前に進んでいる状態であれば摩擦は分散されますが、止まっている状態でハンドル回すと、底部に非常に摩擦が発生し、下がコンクリ露出面であれば即時生地に穴が空く可能性があります。

そして、下山をするのですが、凍結面の下り道も難なく走行できました。

日曜日に行った為、帰りは車が多く走行しており、みんなスタッドレスだったので飛ばしておりましたが、スノーソックスは速度制限40kmの為安全運転です。その為道を譲るために一々端に寄せて、抜かせてあげました。

端に寄せた時に、少し雪の深いところにハマりましたが、ゆっくりアクセルを踏めばこれも難なく脱出できました。

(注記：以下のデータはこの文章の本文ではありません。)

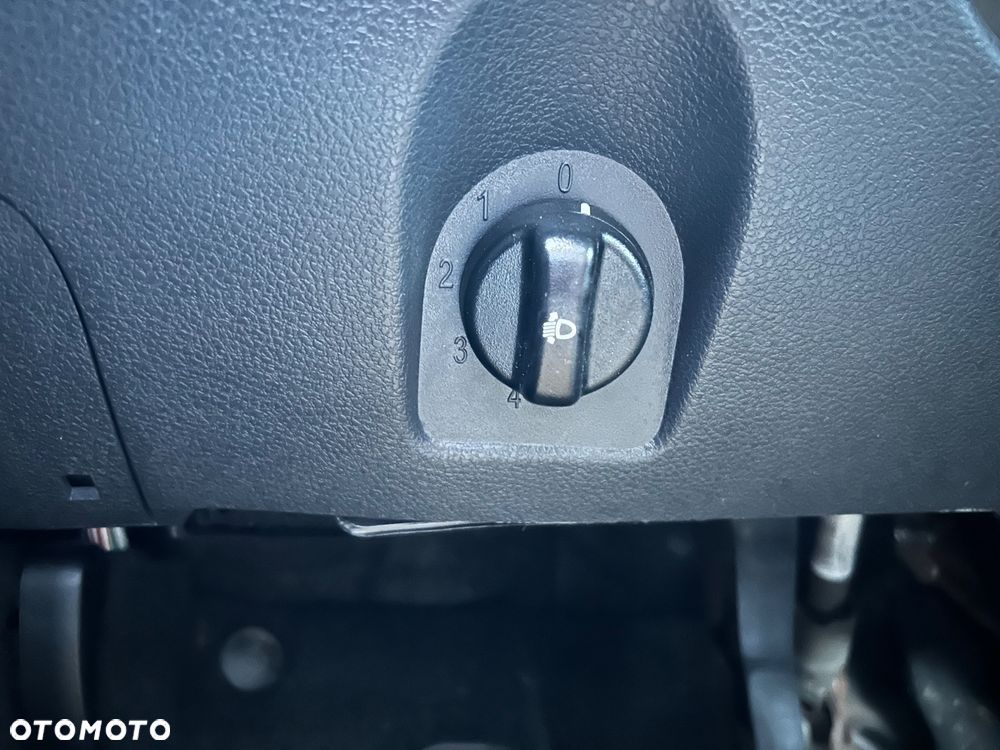 Dacia Sandero - 33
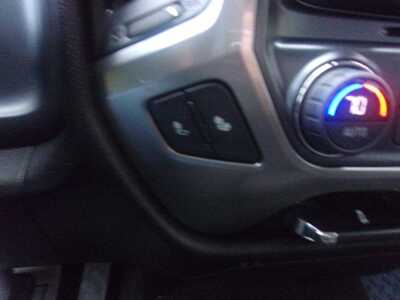 2018 Chevrolet 1500 Crew Cab, $24999.0. Photo 11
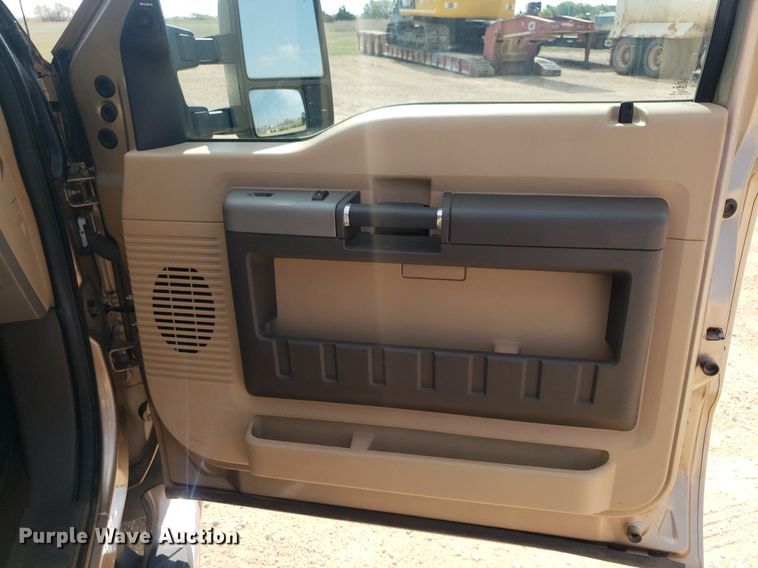 image for item DQ0561 2013 Ford F250 Super Duty Lariat  Crew Cab pickup truck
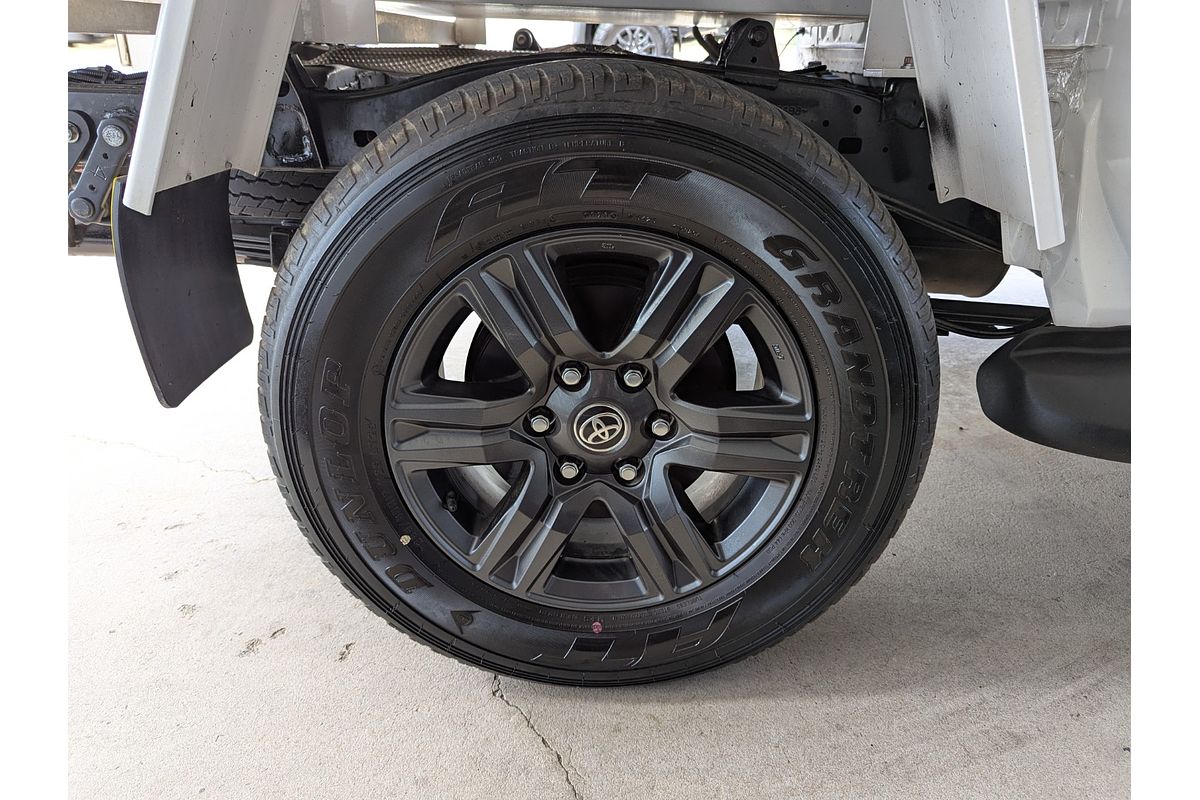 2023 Toyota Hilux SR GUN126R 4X4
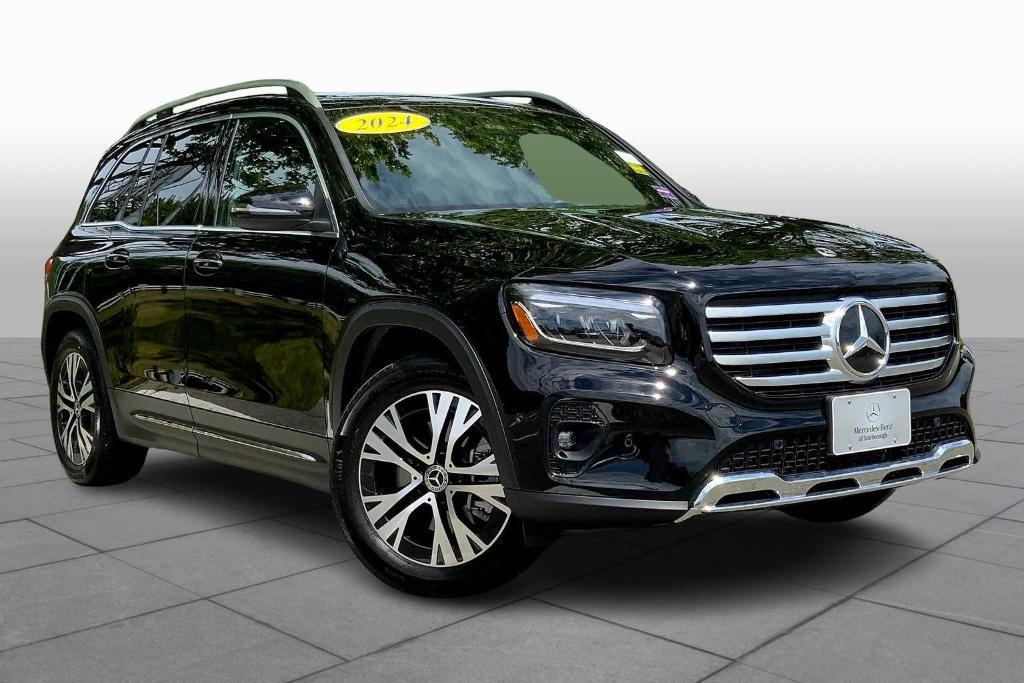 used 2024 Mercedes-Benz GLB 250 car, priced at $37,462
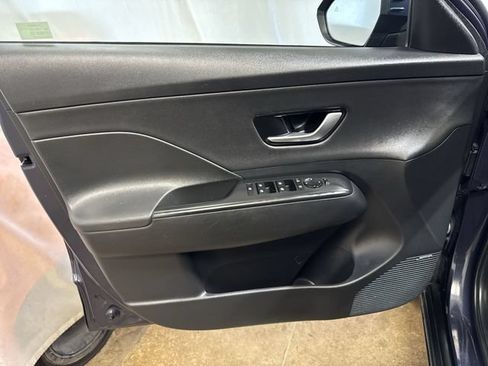 Used 2024 Hyundai Kona Limited AWD/4WD image 23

(空転しない!)

装着したポイントでスノーソックスの取り外しを行いました。

スノーソックスは装着は簡単だけど、「取り外しは少し面倒」でした。

理由としては「水分を含んでいるから」です。

水分を含んだ生地は摩擦が強く、伸ばしにくく、思っていたより大変でした。装着は5分ほどでタイヤ2本分できましたが、取り外しはタイヤ2本分で10分ほどかかりました。

使用後のお手入れ

一度走るとこの様に汚れます。汚れたまま放置すると劣化が進みすぐに破損する恐れがあるのですぐに中性洗剤で洗ってあげましょう。

家庭洗濯 30℃までの表記

洗濯機で洗えるようですが、砂利汚れで洗濯機壊したくないので湯船で手洗いにしました。

洗濯後、ベランダで外干し一日で乾きました。当然ながら元の真っ白には戻りません。ただ、生地の劣化は見受けられず、相当丈夫です。

生地自体の厚みは2mmくらいありそうです。質感は「柔道着」に似ていますね。非常に丈夫そうです。

さらに拡大して見てみます。ほつれて見える部分は生地が重なった部分であり、特に問題はなさそう。

別の面を拡大。生地に小石が詰まっている部分がありました。これは取り除いてあげましょう。

結構雑に畳みましたが、余裕で元の収納袋にしまう事が出来ました。

非常に軽く、コンパクトになり便利です。次回使用まで車に積んでおきます。

使ってみて感じたこと

このアイテムの使用期限は、「穴が空いたら終了」とのこと。スタッドレスもタイヤゴムには経年劣化があるし、金属は水分含んだままだと錆びたりして保管が大変。

布製チェーンは手入れしておけば自然劣化も多少防げるし、誰でも気軽に使用できるのが大きいメリットだと思います。

今回走行は40km以内厳守しましたが、50kmくらい出しても大丈夫そうな余裕も感じました。

私は北海道の冬季の運転経験と、石川県金沢市での冬季運転経験がある為、「滑る」という感覚と、圧雪面やアイスバーンは理解しております。

今回は圧雪、凍結、坂道の上り下りというより厳しい環境で試した状態でしたが、一切不安を感じない安定した走行を出来ました。

当然のことですが、これをつけて「高速」を走ろう。とは思わないで下さい。

高速道路で降雪地域を通りたい場合にはスタッドレスタイヤを買いましょう。高速ではあくまで緊急時での使用想定を。

年に数回、使うか使わないかわからない。そんなことでスタッドレスタイヤという高額出費まで掛けたくない…。チェーンは面倒くさそう…。非金属チェーンは思っていたより高い…。安すぎるチェーン、非金属、布製、本当に大丈夫か…?どれを買えばいいのか…。

私はずっとこう思っていながら意を決して購入しましたが、大満足です。

サイズ展開も豊富なので、ほぼ全ての車にも対応しております。チェーン類の購入に迷っている方の参考になればと思います!